• What to do: Given the records below, would you repeat exactly the lines that begin at the one containing "Oukoku No Ko Chapter 35 Page 8" and end at the one containing "Интерактивный комплекс ПДД", inclusive?

• Supplied entries:
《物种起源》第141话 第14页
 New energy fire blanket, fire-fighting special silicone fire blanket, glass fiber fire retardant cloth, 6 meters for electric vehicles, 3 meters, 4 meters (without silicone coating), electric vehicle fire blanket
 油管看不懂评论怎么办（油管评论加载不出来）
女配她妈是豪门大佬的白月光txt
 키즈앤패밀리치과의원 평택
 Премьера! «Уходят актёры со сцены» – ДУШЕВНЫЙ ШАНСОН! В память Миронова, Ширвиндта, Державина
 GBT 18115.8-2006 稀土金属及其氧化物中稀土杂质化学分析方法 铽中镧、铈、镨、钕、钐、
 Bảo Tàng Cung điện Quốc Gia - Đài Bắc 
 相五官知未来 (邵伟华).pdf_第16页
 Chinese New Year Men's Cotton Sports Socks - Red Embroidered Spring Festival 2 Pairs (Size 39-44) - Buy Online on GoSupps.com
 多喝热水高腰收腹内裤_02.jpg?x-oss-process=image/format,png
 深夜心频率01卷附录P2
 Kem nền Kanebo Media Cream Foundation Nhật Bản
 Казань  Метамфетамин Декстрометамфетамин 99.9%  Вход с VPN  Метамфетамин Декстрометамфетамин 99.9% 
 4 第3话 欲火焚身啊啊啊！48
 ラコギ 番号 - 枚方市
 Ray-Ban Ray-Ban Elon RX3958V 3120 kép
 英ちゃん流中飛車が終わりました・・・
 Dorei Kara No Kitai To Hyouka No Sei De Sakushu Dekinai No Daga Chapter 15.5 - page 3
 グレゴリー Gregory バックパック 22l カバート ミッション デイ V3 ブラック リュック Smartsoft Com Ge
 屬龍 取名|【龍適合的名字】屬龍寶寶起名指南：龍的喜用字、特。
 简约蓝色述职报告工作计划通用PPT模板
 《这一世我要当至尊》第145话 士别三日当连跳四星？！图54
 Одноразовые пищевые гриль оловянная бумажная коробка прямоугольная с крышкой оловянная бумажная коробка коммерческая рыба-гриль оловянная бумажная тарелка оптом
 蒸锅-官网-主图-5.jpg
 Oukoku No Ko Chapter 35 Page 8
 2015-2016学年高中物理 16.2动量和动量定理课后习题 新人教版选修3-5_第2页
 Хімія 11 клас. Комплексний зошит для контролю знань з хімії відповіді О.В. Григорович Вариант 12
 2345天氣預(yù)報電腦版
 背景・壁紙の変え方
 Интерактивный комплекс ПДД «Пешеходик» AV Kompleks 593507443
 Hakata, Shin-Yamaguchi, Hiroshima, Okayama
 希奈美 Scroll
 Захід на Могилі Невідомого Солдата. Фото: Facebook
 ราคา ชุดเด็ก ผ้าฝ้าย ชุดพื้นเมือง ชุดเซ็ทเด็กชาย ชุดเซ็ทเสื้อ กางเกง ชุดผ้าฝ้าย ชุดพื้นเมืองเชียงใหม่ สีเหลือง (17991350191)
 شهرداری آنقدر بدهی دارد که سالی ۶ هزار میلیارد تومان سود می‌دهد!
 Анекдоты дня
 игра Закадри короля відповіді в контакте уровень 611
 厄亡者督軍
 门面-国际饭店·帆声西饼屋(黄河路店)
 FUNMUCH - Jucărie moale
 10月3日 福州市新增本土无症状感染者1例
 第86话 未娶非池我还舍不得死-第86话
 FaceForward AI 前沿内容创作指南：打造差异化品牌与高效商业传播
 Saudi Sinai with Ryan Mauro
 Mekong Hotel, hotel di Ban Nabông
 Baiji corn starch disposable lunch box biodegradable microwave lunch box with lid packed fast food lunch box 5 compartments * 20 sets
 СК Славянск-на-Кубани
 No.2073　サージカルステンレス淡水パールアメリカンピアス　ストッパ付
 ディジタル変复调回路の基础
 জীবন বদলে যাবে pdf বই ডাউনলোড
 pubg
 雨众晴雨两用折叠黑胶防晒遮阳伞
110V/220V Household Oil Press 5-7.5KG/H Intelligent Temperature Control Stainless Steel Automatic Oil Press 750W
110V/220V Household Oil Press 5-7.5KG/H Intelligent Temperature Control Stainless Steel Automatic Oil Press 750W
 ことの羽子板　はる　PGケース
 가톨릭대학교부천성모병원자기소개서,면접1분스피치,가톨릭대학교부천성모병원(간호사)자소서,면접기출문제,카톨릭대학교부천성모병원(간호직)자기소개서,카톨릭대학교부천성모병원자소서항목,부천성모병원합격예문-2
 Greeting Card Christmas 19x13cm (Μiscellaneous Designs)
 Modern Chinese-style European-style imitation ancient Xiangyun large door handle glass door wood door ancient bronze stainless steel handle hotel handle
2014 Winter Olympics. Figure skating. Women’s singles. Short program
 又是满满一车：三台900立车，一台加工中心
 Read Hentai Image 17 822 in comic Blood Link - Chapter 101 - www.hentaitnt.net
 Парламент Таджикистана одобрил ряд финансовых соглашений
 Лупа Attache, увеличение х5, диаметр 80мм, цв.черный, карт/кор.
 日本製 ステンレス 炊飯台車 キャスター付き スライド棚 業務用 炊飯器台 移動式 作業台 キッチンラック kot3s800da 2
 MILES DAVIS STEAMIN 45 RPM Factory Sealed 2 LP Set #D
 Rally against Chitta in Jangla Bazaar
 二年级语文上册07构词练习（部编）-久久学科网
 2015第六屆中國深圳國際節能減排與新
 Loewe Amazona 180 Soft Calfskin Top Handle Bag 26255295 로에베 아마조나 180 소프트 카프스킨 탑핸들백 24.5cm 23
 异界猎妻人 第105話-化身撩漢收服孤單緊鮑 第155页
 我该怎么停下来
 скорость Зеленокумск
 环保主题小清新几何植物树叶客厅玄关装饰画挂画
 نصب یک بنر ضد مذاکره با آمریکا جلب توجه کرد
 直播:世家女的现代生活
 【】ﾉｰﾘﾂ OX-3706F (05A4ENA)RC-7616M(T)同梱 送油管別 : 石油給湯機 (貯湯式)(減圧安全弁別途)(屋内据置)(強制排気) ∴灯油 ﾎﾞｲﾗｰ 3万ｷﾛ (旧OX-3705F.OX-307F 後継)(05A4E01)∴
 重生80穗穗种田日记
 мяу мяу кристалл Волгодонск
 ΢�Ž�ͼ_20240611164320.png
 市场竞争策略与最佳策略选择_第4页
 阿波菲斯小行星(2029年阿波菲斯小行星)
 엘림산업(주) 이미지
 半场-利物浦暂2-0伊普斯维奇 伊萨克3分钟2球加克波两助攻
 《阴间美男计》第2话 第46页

• Completed task:
 Oukoku No Ko Chapter 35 Page 8
 2015-2016学年高中物理 16.2动量和动量定理课后习题 新人教版选修3-5_第2页
 Хімія 11 клас. Комплексний зошит для контролю знань з хімії відповіді О.В. Григорович Вариант 12
 2345天氣預(yù)報電腦版
 背景・壁紙の変え方
 Интерактивный комплекс ПДД «Пешеходик» AV Kompleks 593507443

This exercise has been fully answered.